The Cut is a vertical connected to New York magazine, one that focuses on style and celebrity news about Beyonce and Justin Bieber but which also includes pieces on politics. Today the Cut published a piece titled “A Running List of Excuses Team Kavanaugh Has Tried Out.”

This is a garbage headline for at least two reasons. First, calling Kavanaugh’s response to the allegations “excuses” suggests he’s trying to offer some lame mitigation for his behavior, i.e. the dog ate my homework. That’s an excuse you offer when you didn’t do your work. But as the Cut’s own story points out, what Kavanaugh has actually done is offer a flat denial of the accusation.

Kavanaugh denied these claims, telling The New Yorker, “I categorically and unequivocally deny this allegation. I did not do this back in high school or at any time.”

He issued another denial on Monday, after Ford came forward as the author of the letter, writing:

This is a completely false allegation. I have never done anything like what the accuser describes — to her or to anyone. Because this never happened, I had no idea who was making this accusation until she identified herself yesterday. I am willing to talk to the Senate Judiciary Committee in any way the Committee deems appropriate to refute this false allegation, from 36 years ago, and defend my integrity.

The second reason that headline is junk is that saying these excuses were “tried out” suggests this is a list of failed excuses that haven’t stood up to scrutiny. In fact, the only reason to make a list like this is to point out that someone has told a series of shifting stories that, usually, get less absolute each time a new one if offered. It’s a way to combat the modified limited hangout strategy often employed by politicians like Hillary Clinton.

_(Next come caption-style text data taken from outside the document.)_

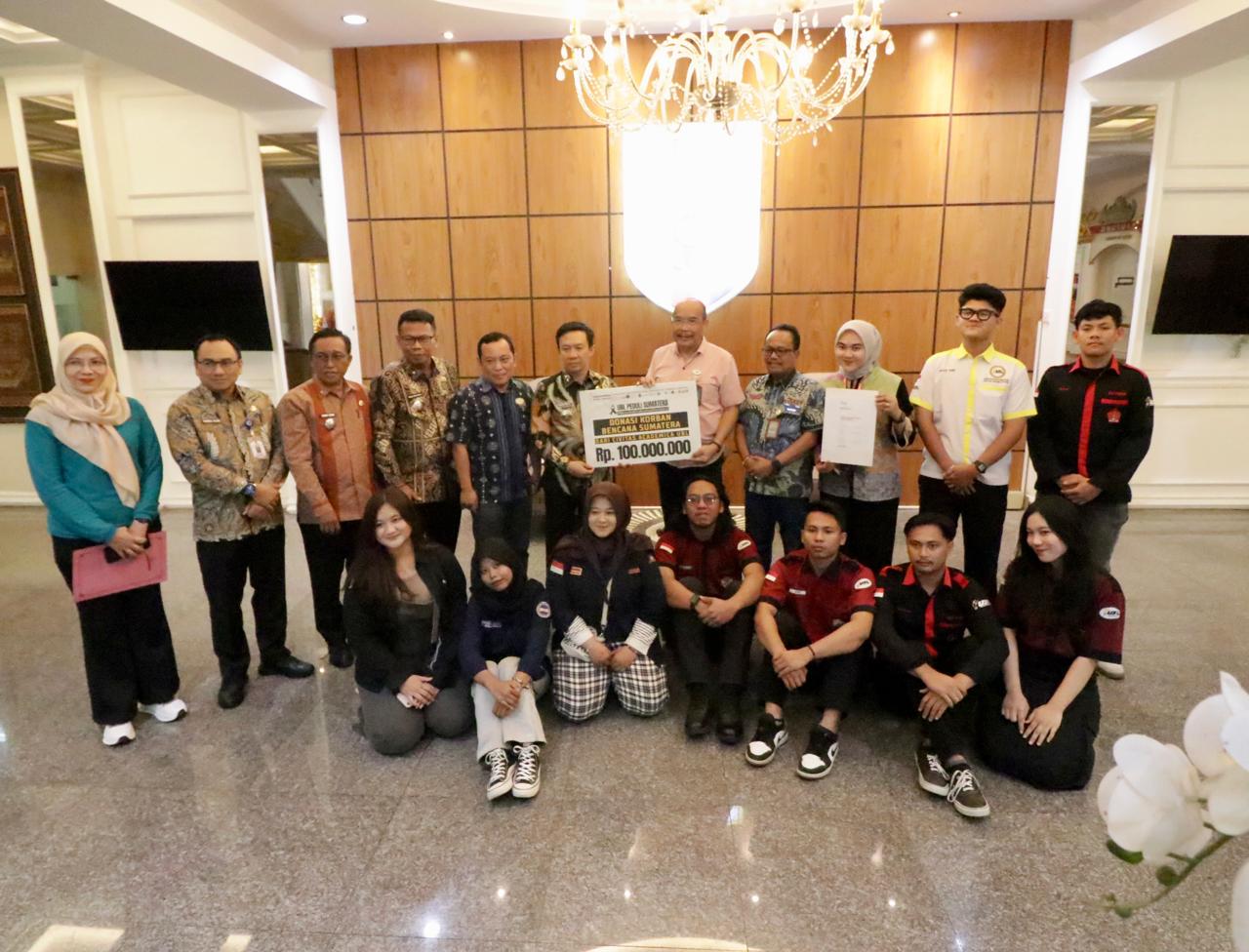 Lewat Bumbung Kemanusiaan, UBL Serahkan Donasi Rp100 Juta untuk Korban Bencana Sumatera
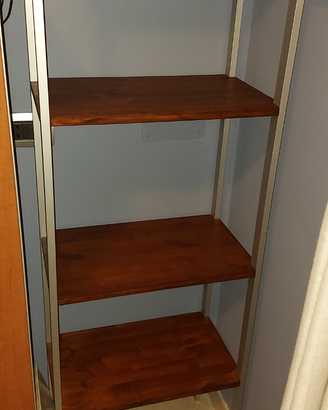 Scaffale a ripiani legno e alluminio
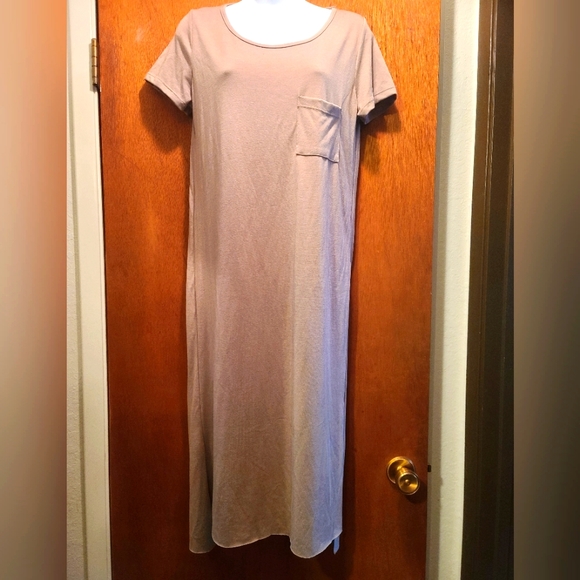Stevie Hender Dresses & Skirts - Stevie Hender tan/sand t-shirt shorts sleeve dress szL never worn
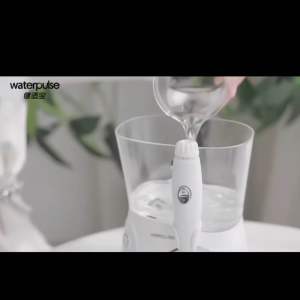 Waterpulse V660 เครื่องพ่นน้ำทำความสะอาดช่องปาก 12 ระดับแรงดัน รุ่นใหญ่ ถังน้ำ 800 มล. สำหรับฟันและเหงือกสุขภาพดี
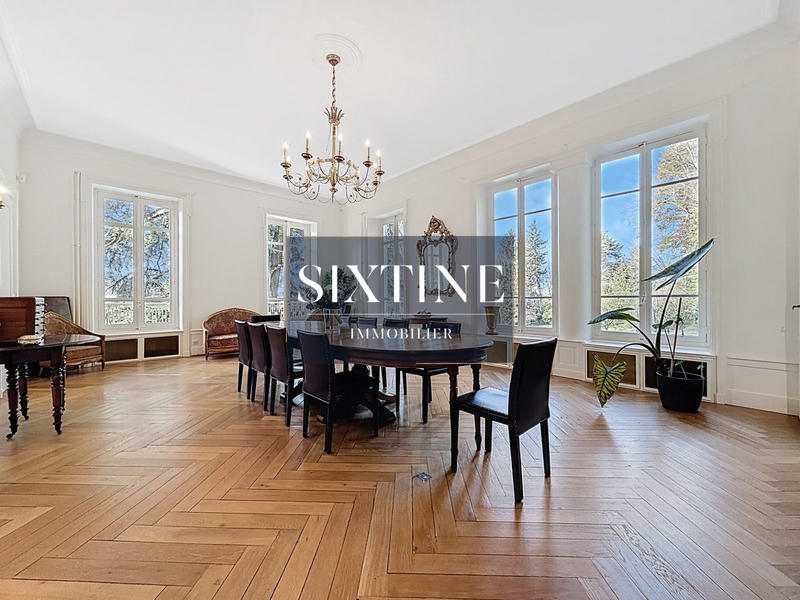 Manoir - 330 m² - 12 pièces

But that’s not what the actual body of the article shows. In fact, Kavanaugh’s denials don’t vary at all. One is slightly more fleshed out because Christine Blasey Ford had come forward, but the denial itself is still absolute. So the suggestion in the headline that “Team Kavanaugh” has tried out a list of excuses is bogus. He has offered one flat statement which has not changed. The Cut gets around this by pointing to statements made by others on Kavanaugh’s behalf:

The “Some of My Best Friends Are Women”

Hours after The New Yorker report came out, Senator Chuck Grassley shared a letter sent to him by 65 women who went to high school with Brett Kavanaugh, in which they said that in the 35 years they’ve known him, “he has behaved honorably and treated women with respect.”

Again, this isn’t an excuse and it wasn’t made by Kavanaugh. He didn’t claim some of his best friends are women. These women came forward on their own after one classmate sent a letter around to other women. Nothing about this changes Kavanaugh’s flat denial. All it shows is that he had a pretty good reputation among women who knew him long ago.

The “I Wasn’t Even There”

On CNN on Monday, Senator Orrin Hatch insisted that Ford is “mistaken,” adding, “I talked to [Kavanaugh] on the phone today … [he said] he didn’t do that, and he wasn’t at the party. So, you know, clearly, somebody’s mixed up.”

Is this a new excuse? When Kavanaugh said, “This is a completely false allegation” that would seem to cover the allegation as a whole, not just the groping part. The only way this is a new excuse is if you read his earlier denial narrowly, i.e. I was there but I didn’t touch anyone. But he never said that. He said it was completely false and he hasn’t changed his tune or backed away from it even a little.

The Mauras

Later on Monday, two of Kavanaugh’s ex-girlfriends — Maura Kane, who dated him in high school, and Maura Fitzgerald, who dated him in college — issued statements vouching for Kavanaugh’s character.

One of the things Ronan Farrow has consistently relied on in his excellent #MeToo reporting is multiple accusations. Guys who behave like this tend not to do it just once. It’s usually a pattern. So it does count for something when two women Kavanaugh dated at around the time of the accusation says he did not behave that way. Does it prove Christine Blasey Ford’s allegation is false? No, I don’t think it does, but it certainly should be weighed as a factor in Kavanaugh’s favor.

The “Rough Horseplay”

On Tuesday, Carrie Severino, spokesperson for the Judicial Crisis Network — the organization that runs the campaigns for Republican judicial nominees — said on CNN that Ford’s allegations “cover a whole range of conduct, from boorishness, to rough horseplay, to actual attempted rape.”

Finally, we get to something that does sound a bit like an excuse. But even here, Severino is clear the allegation includes “attempted rape.” As excuses go, this doesn’t seem to mitigate very much. And of course, this isn’t coming from Kavanaugh himself.

Maybe Kavanaugh will change his tune next week under hostile questioning. Maybe another accuser will come forward. But at this moment in time, the accused hasn’t “tried out” a list of excuses. In fact, he has only said one thing from the beginning: This is completely false.